Мориц был самым дешевым батраком, Мария была самой дешевой батрачкой. Репутация справного хозяина и на сей раз послужила приманкой: органы соцопеки направили к нему Марию. Так же как Морица, Холля, ребят на лехнеровской усадьбе, одного с губеровского подворья, как всех других подневольных, ее по крайней мере раз в год навещала чиновница соцопеки, но после случая в церкви чиновница пришла только из-за Марии. Холль как раз привел со случки двух кобыл. Ему пришлось сесть на велосипед и ехать на луг, где работала Мария, чтобы позвать ее в дом и подменить.
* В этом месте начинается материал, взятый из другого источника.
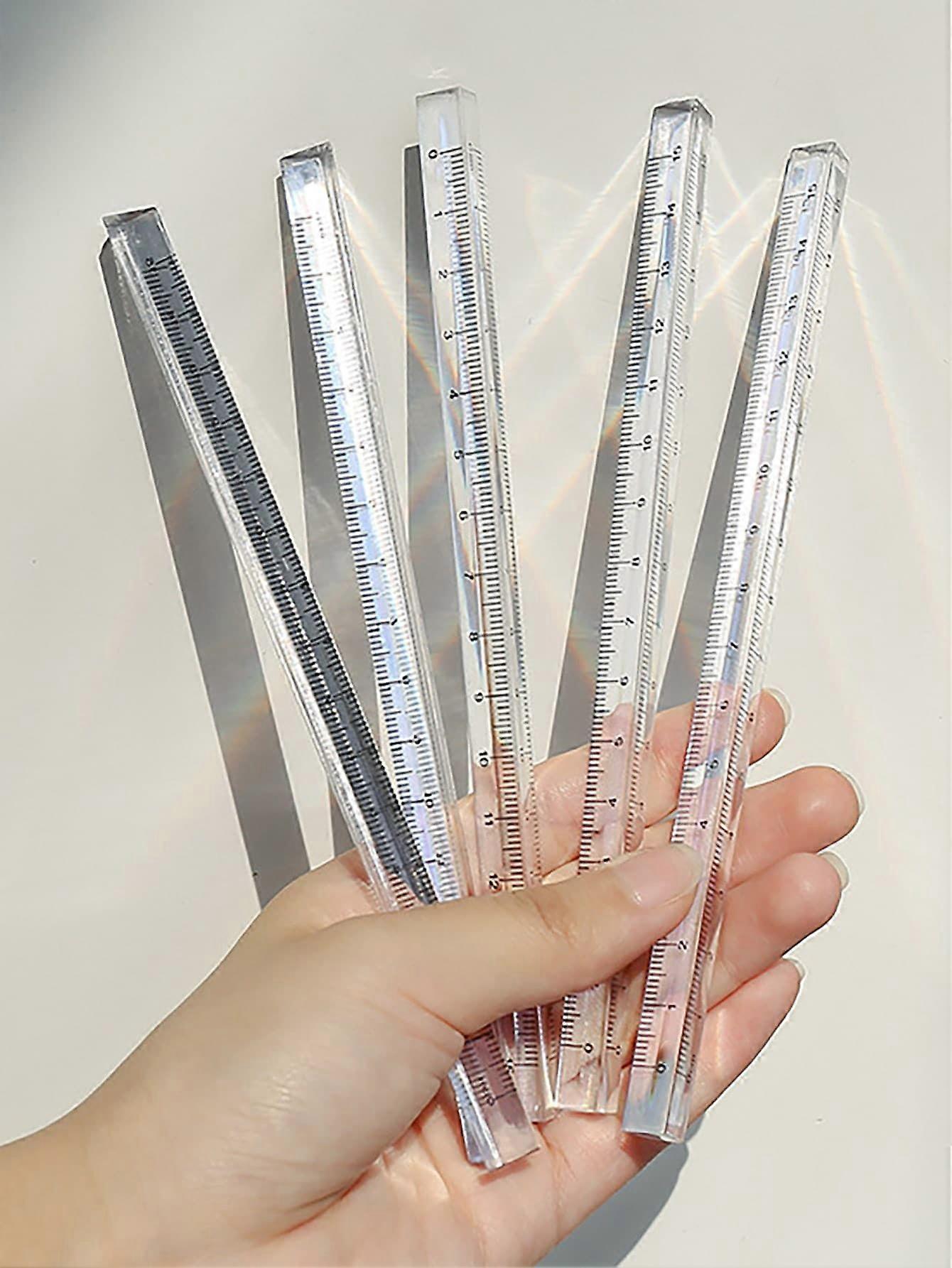 1pc Transparent Triangle Ruler, Cute Multifunctional Unmarked Student Stationery Scale Tool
Из хозяйской комнаты, где шел разговор, Мария вышла с заплаканным лицом и принялась помогать накрывать стол к ужину. И когда все обратили взгляды к распятию, а хозяин начал молитву, Мария с плотно сжатыми губами смотрела хозяйке прямо в глаза, а та бросала на нее осуждающие взгляды и с каждой молитвой голосила все громче и злее. Холль поразился строптивости Марии и одновременно бесился в душе из-за того, что вынужден, хоть и из-под палки, бормотать все эти словеса. Он ел и повторял про себя все самые страшные ругательства, какие слышал от Вильденхофера, какими, бывало, разражались и Пустерер, и украинец, и Бургер, и венгр, и много кто еще. И покуда он ел, мысленно ругался и смотрел на жующих людей, он думал: "Если Бог и в самом деле среди нас, как утверждает господин Бруннер в церкви и на уроках Закона Божия, то пусть он услышит меня здесь и сейчас, я хочу, чтобы он слышал меня сейчас и здесь! Слушай же! Я хочу, чтобы ты слышал! Слушай мою ругань! Нет, я передумал. Лучше я поговорю с тобой. Бруннер рассказывает, будто после смерти ты явился на дороге двум апостолам. Если это правда, то что тебе стоит завтра же дождаться нас в лугах, у нижних ворот, и первую же телку погнать через лесок к лощинам, и столкнуть вниз, чтобы наконец-то на столе оказалось мясо. Мы работаем, как проклятые, а мясо видим только по большим праздникам. Кус мяса насущный дай нам днесь! Тебе не надо умножать поголовье, хватит и того, что есть в долине. Дай же, наконец, мяса всем батракам и поденщикам! Эх, мне бы сейчас наверх, в избушку, или в луга к Прошу и Фельбертальцу, или еще выше, на дальний надел с Бартлем, а не сидеть за этим столом между жующими мужиками".